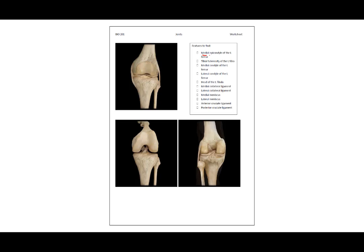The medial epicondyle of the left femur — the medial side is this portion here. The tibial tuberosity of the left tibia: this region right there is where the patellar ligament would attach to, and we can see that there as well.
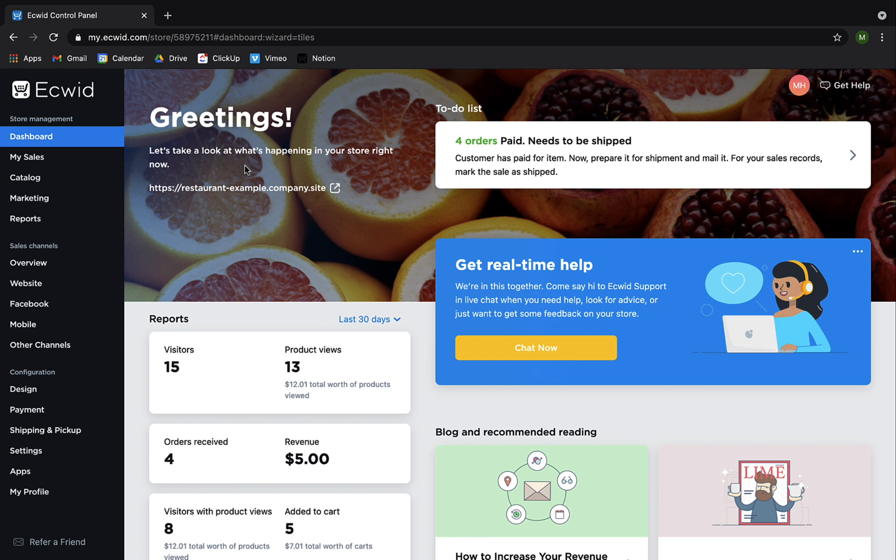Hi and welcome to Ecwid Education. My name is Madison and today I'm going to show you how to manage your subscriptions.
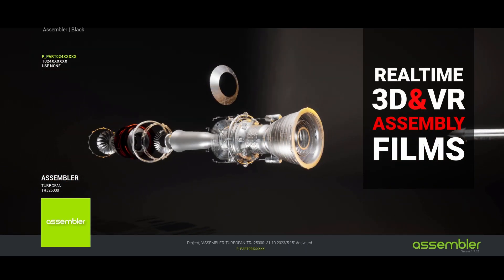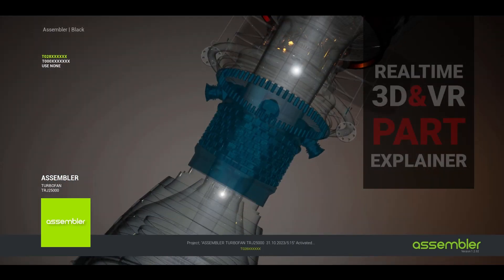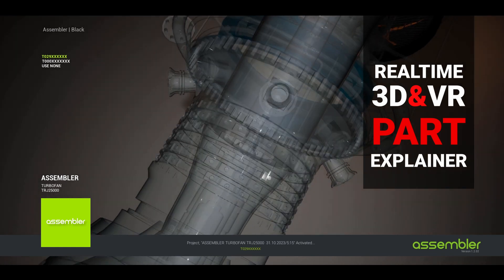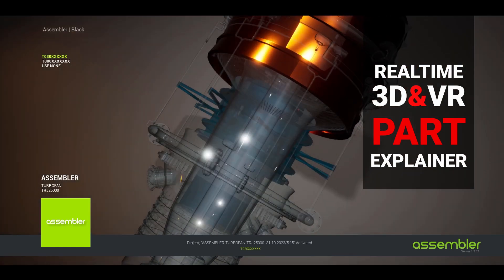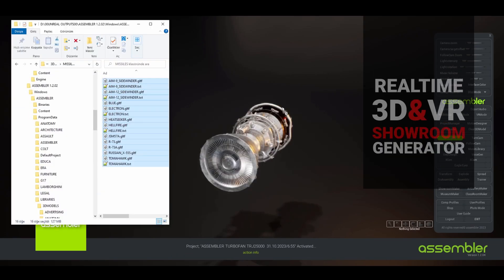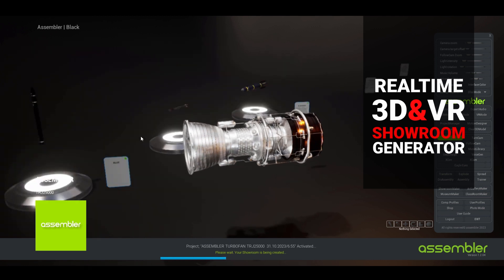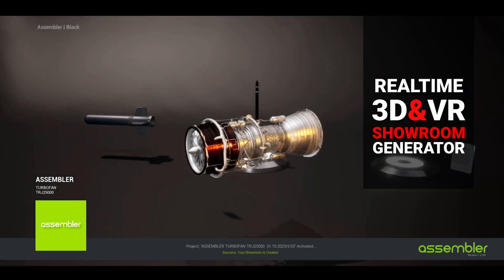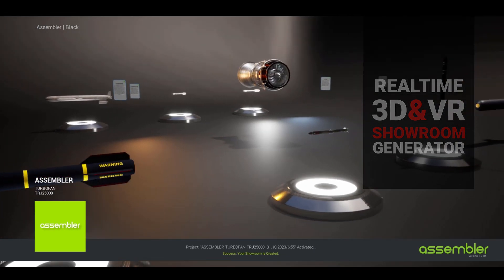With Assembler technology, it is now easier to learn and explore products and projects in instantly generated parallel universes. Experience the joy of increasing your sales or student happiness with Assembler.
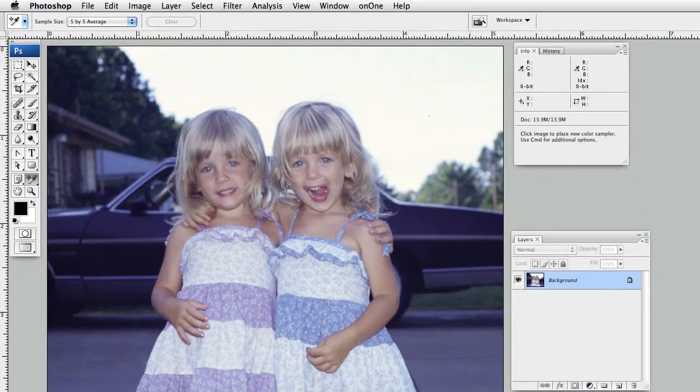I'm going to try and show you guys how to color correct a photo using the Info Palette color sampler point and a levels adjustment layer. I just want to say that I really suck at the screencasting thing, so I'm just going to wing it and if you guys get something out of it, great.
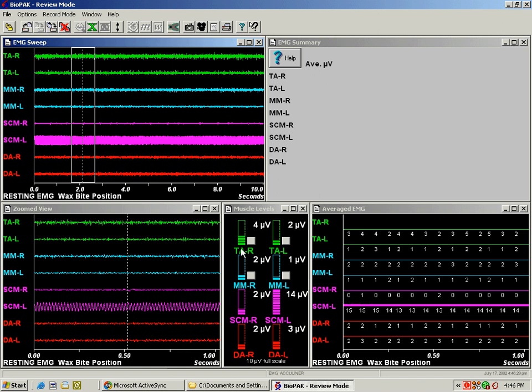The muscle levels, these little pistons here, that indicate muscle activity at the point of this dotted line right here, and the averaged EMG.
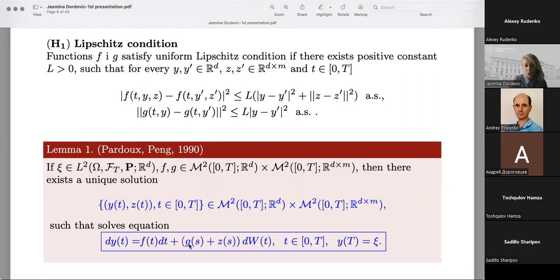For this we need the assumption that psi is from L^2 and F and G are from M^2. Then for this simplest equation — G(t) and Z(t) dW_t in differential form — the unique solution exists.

········

**Exercise prompt**
Without the pictures, copy all of the entries exactly as they appear.

**Written reply**
The medial epicondyle of the left femur — the medial side is this portion here. The tibial tuberosity of the left tibia: this region right there is where the patellar ligament would attach to, and we can see that there as well.
Hi and welcome to Ecwid Education. My name is Madison and today I'm going to show you how to manage your subscriptions.
With Assembler technology, it is now easier to learn and explore products and projects in instantly generated parallel universes. Experience the joy of increasing your sales or student happiness with Assembler.
I'm going to try and show you guys how to color correct a photo using the Info Palette color sampler point and a levels adjustment layer. I just want to say that I really suck at the screencasting thing, so I'm just going to wing it and if you guys get something out of it, great.
The muscle levels, these little pistons here, that indicate muscle activity at the point of this dotted line right here, and the averaged EMG.
For this we need the assumption that psi is from L^2 and F and G are from M^2. Then for this simplest equation — G(t) and Z(t) dW_t in differential form — the unique solution exists.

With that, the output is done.